Tech Transfer - University of Michigan

Leading Innovation

Dexter Research Center

November 1999

When Bob Toth and two others started Dexter Research Center, in Dexter, Michigan, in 1975, "Infrared detectors (i.e., noncontact temperature measurement devices) were really expensive and primarily used only in the military," he says. "There were no really good cheap commercial infrared detectors." Now, thanks to Dexter Research's commercialization of technology originating at the University of Michigan, their availability and applications abound: spectrometers, emission gas analyzers for auto repair garages, even ear thermometers. "We've been supplying detectors to that market for quite a while," says Toth.

Such volume was made possible by a device developed by UM Engineering Professors Kensall D. Wise and Khalil Najafi. "The thermopile detectors that we manufacture here are made by vacuum deposition of bismuth and antimony," says Toth. "It's a labor-intensive process. As a result, the price of a detector made that way can come down to a certain point and then it can't really go any lower. For very large volume markets, where the price has to be very low, making thermopiles using silicon micromachining techniques is the obvious answer. That's how I got involved with Ken Wise. He had been working on this for quite a while before I met him, and during that time, the UM patented a number of things. One of them was for this silicon-based thermopile detector. So I got some samples from them and we made some detectors out of them, found out how to mount them up and actually produce a salable unit, and that's when we decided to go ahead and license the technology from UM."

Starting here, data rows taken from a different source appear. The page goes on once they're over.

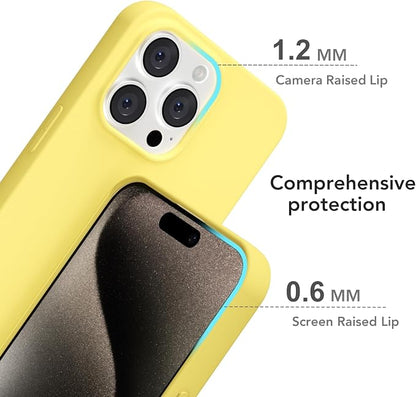 for iPhone 15 Pro Max Case Silicone Compatible with Magsafe Case, Ultra Slim Thin Magnetic Phone Cases Mag Safe, Cute Soft Rubber Gel TPU Matte Plain Wireless Charging Cover for Women, Yellow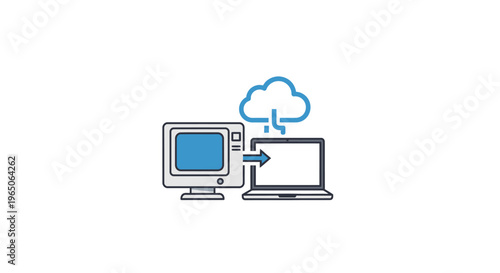 Data synchronization illustration showing cloud computing transfer from old computer to laptop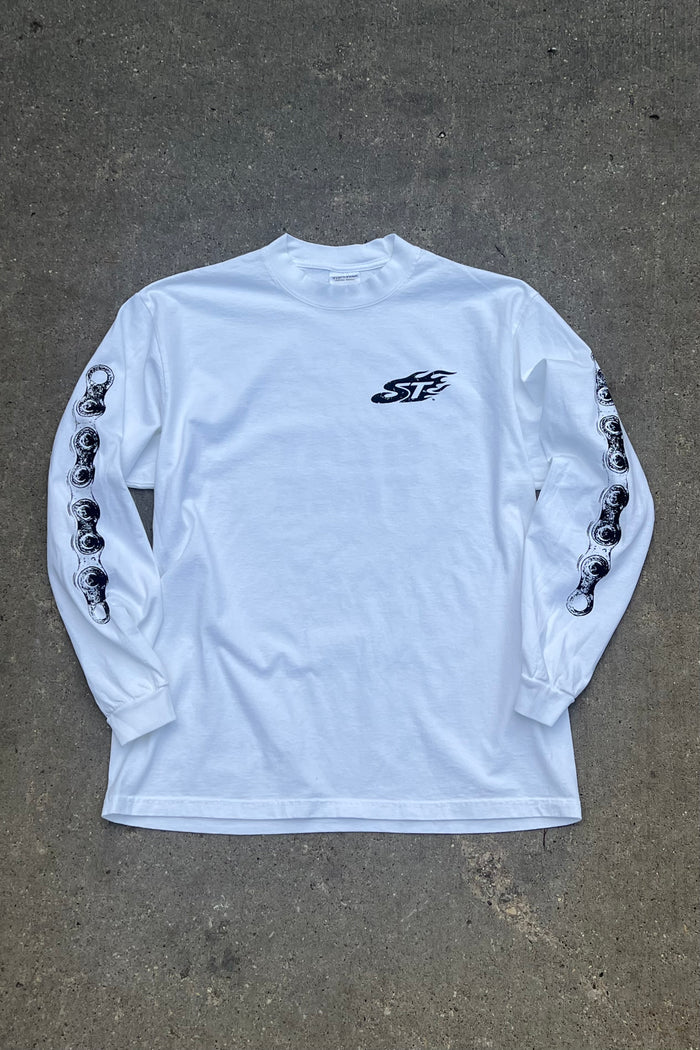 Flame:Chain Garment Dye Long Sleeve - WHITE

The role of the Office of Technology Transfer was essential. "We went through them to license the technology, they drew up a licensing agreement, and we decided on what kind of royalties would be paid, depending on how the detectors were constructed," says Toth. "We haven't had any problems. We're simply paying them a royalty on sales, for all types of applications."

Thanks to the company's ongoing interaction with the University, there may be a new one. "What we are working on now with UM is a different type of silicon thermopile detector that will be low-cost and usable for inexpensive ear thermometers," says Toth.

The silicon-based devices are manufactured at a silicon foundry and sent to the Dexter Research Center plant, where the resulting wafers are processed and made into detectors. "Everything's done here, including R&D," says Toth, a physicist by training. "Currently, we have about 75 employees."